Die Erklärung für diese Feststellung ist höchstwahrscheinlich multifaktoriell, aber es gibt einige klare Ursachen. Eine hohe Herzfrequenz erhöht den myokardialen Sauerstoffverbrauch (aufgrund der erhöhten Arbeitsbelastung) und beeinträchtigt gleichzeitig die Sauerstoffzufuhr. Die Beeinträchtigung der Sauerstoffzufuhr ist auf eine Verkürzung der Diastole bei höherer Herzfrequenz zurückzuführen. Die Koronararterien perfundieren das Herz während der Diastole, was bedeutet, dass eine verkürzte Diastole eine verminderte Myokardperfusion bewirkt. Eine hohe Ruheherzfrequenz ist mit einem signifikant erhöhten Risiko für Bluthochdruck, Arrhythmien, Aortendissektion, koronare Herzkrankheit (ischämische Herzkrankheit), Herzinsuffizienz und plötzlichen Herztod verbunden. Dies gilt sowohl für gesunde Personen als auch für Personen mit einer bestehenden Herzerkrankung.
Behandlung der hohen Ruheherzfrequenz
Es gibt keine evidenzbasierte Behandlung. Bewegung kann bedenkenlos empfohlen werden.
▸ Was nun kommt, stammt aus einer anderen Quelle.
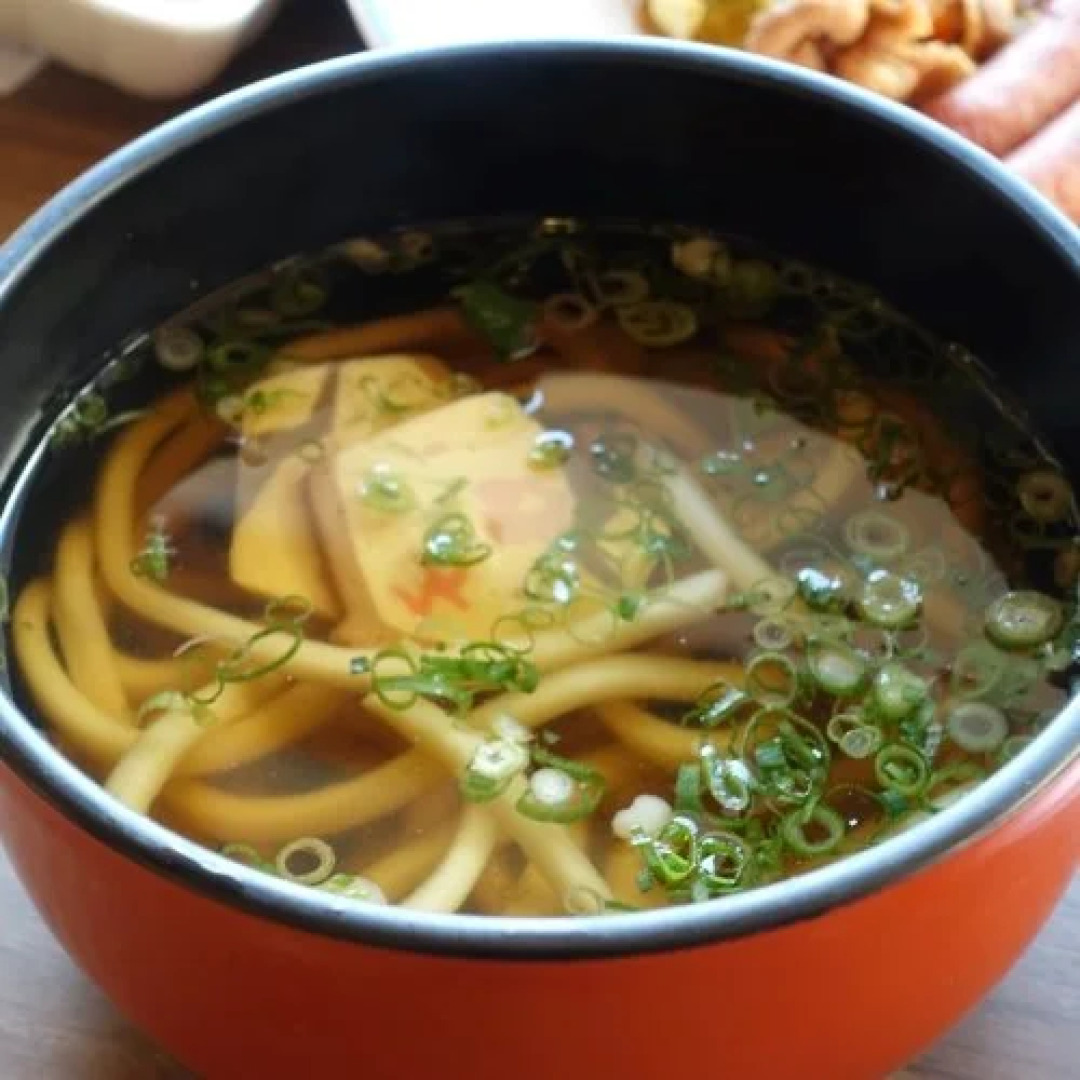 Minara Tennen Onsen Riraku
Eine Behandlung mit Betablockern wird in der Regel gut vertragen und ein erster Versuch mit Bisoprolol 5—10 mg einmal täglich kann empfohlen werden.
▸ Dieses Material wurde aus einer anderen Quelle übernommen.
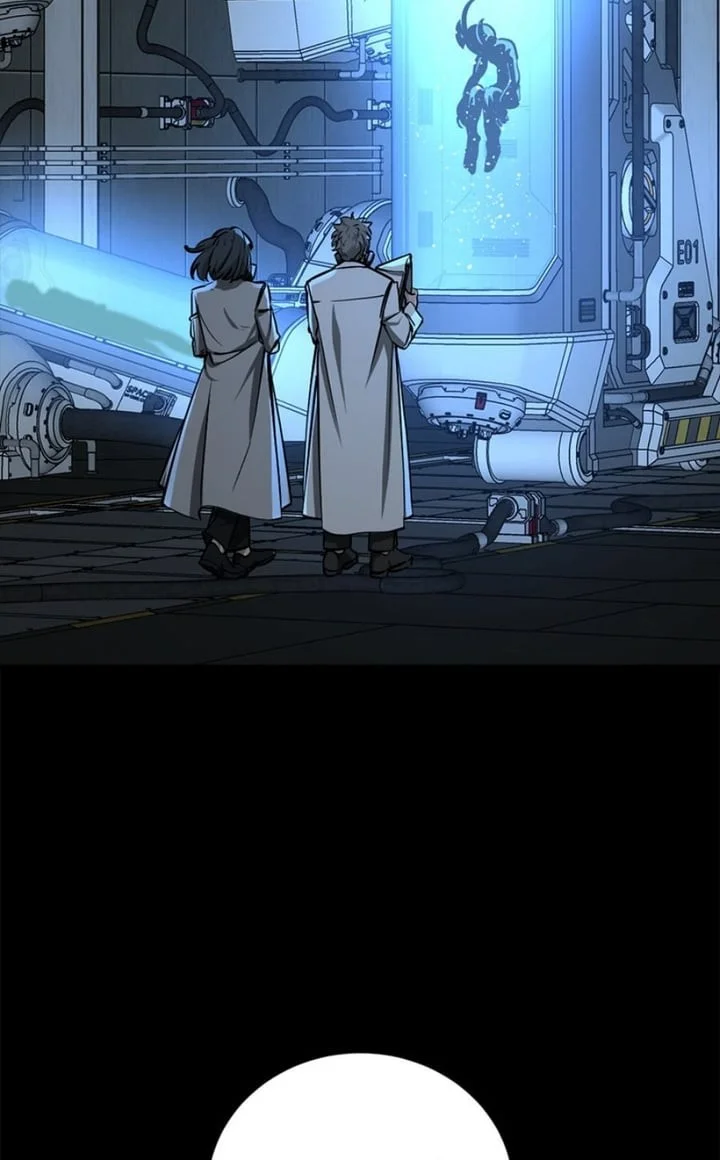 Chapter 202 - halaman 41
Die Sinusknoten-Reentry-Tachykardie (SANRT) wird durch einen Reentry-Kreislauf verursacht, der sich im oder am Sinusknoten befindet. Sie zeigt sich im EKG als abrupt beginnende Sinustachykardie (in der Regel erfordert dies eine EKG-Überwachung über einen längeren Zeitraum). Eine normale Sinustachykardie hingegen beginnt nicht abrupt, sondern allmählich. Die P-Welle der SANRT ist identisch mit der Sinus-P-Welle.